The fingernail test works pretty good to get an idea of the wood and finish hardness.


----------



## Floorwizard

Teregren has a good product.
They actually grow them and harvest instead of plucking from the wild.

If you want a real hard bamboo, check out their Synergy line.

But even the best made Bamboo will only be as hard as a Maple or so....


----------



## dougchips

Florcraft said:


> Teregren has a good product.
> They actually grow them and harvest instead of plucking from the wild.
> 
> If you want a real hard bamboo, check out their Synergy line.
> 
> But even the best made Bamboo will only be as hard as a Maple or so....


........and maple is how many times harder than oak?

I was in HD the other day (long story) and I looked at their bamboo flooring and tried the finger nail test. The poly on the surface was so hard that I could not make a mark. Are there any other ways to see if it is old growth without bringing a microscope?


----------



## Floordude

dougchips said:


> Are there any other ways to see if it is old growth without bringing a microscope?



No...


----------



## Floorwizard

> I was in HD the other day (long story) and I looked at their bamboo flooring and tried the finger nail test.
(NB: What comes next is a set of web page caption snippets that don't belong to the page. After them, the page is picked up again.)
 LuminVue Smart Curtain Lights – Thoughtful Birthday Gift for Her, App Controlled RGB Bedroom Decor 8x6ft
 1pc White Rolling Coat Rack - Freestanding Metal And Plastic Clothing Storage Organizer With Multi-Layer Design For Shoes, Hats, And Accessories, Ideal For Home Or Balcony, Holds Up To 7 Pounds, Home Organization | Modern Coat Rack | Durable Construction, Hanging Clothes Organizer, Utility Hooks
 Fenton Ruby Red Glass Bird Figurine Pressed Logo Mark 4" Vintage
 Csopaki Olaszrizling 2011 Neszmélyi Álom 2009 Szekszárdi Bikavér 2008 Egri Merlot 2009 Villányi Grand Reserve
The poly on the surface was so hard that I could not make a mark. Are there any other ways to see if it is old growth without bringing a microscope?
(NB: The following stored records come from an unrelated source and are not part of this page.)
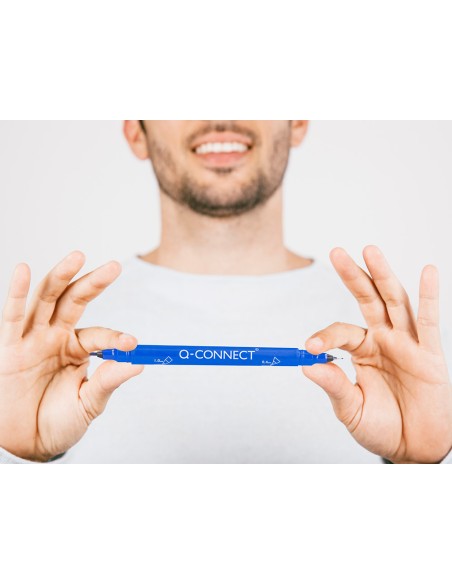 Rotulador q connect marcador permanente doble punta color azul 04 mm y 1 mm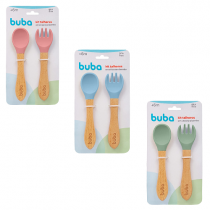 Kit Talheres Silicone e Bambu Buba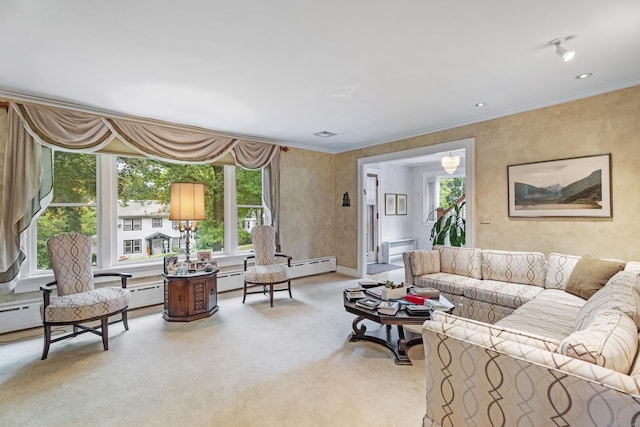 living room featuring a baseboard radiator, recessed lighting, ornamental molding, light carpet, and a baseboard heating unit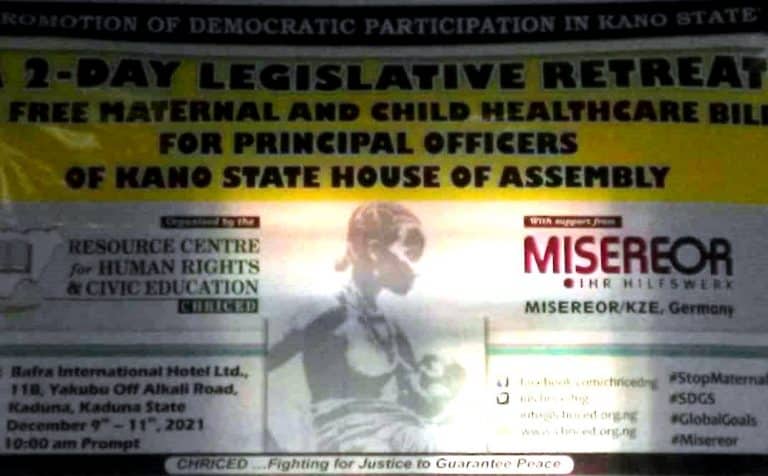 Maternal/Child Mortality: CHRICED engages Kano Assembly on free healthcare bill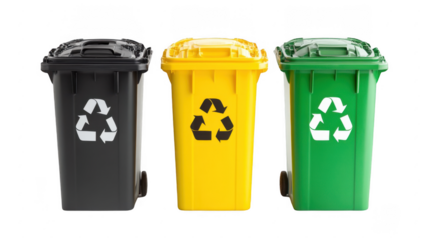 Colorful Recycling Bins for Waste Management and Environmental Care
Maybe you could snag a piece...


----------



## send_it_all

There is also an obvious difference between a fingernail test and a 200 pound person sitting and sliding in and out from the table on a dining room chair.


----------



## Wolverine-Eric

Pocket Microscope... $10.99 at Radio Shack!

http://www.radioshack.com/sm-more-p...r-the-illuminated-microscope--pi-2179604.html


----------



## Floorwizard

send_it_all said:


> There is also an obvious difference between a fingernail test and a 200 pound person sitting and sliding in and out from the table on a dining room chair.



Yea....if the fingernail damages it, then imagine what the chair will do....


----------



## bonnie0715

Bamboo floors have become a very popular trend these days. Bamboo flooring durability has been one component of that popularity. Another reason is bamboo floors stunning appearance and ability to give the consumer a really unique floor. Many consumers are also choosing bamboo due to its environmental benefit. It is very fast growing and can be harvested from the same plant in 3-5 years.


----------



## gideond

Some updated info on Bamboo. Evidently the market is booming and according to my industry sources this means the quality it going downhill. The Chinese manufacturers have been pumping their plants full of pesticides and growth agents to increase the product yield. This eliminates some of the major benefits of bamboo. Let's not forget that the construction process in China isn't closely regulated and the adhesives they use as a result contain some very harmful chemicals, like formaldehyde. So much for going green. Bamboo isn't quite the green product the industry makes it out to be.


----------



## Floorwizard

I guess your kinda right. Maybe not as green as slicing the bamboo right up and sticking it on the floor, but still sustainable without a doubt.


----------



## ALCbuilding

So, does anybody know about the durability of the Bamboo flooring sold at Home Depot specifically. I ask because I am about to install 1500 Sq Ft that the Home Owner already bought. This is the stuff in the green box that is solid 5/8" nail-down. Seemed pretty decent to me at first sight but didn't really check too closely


----------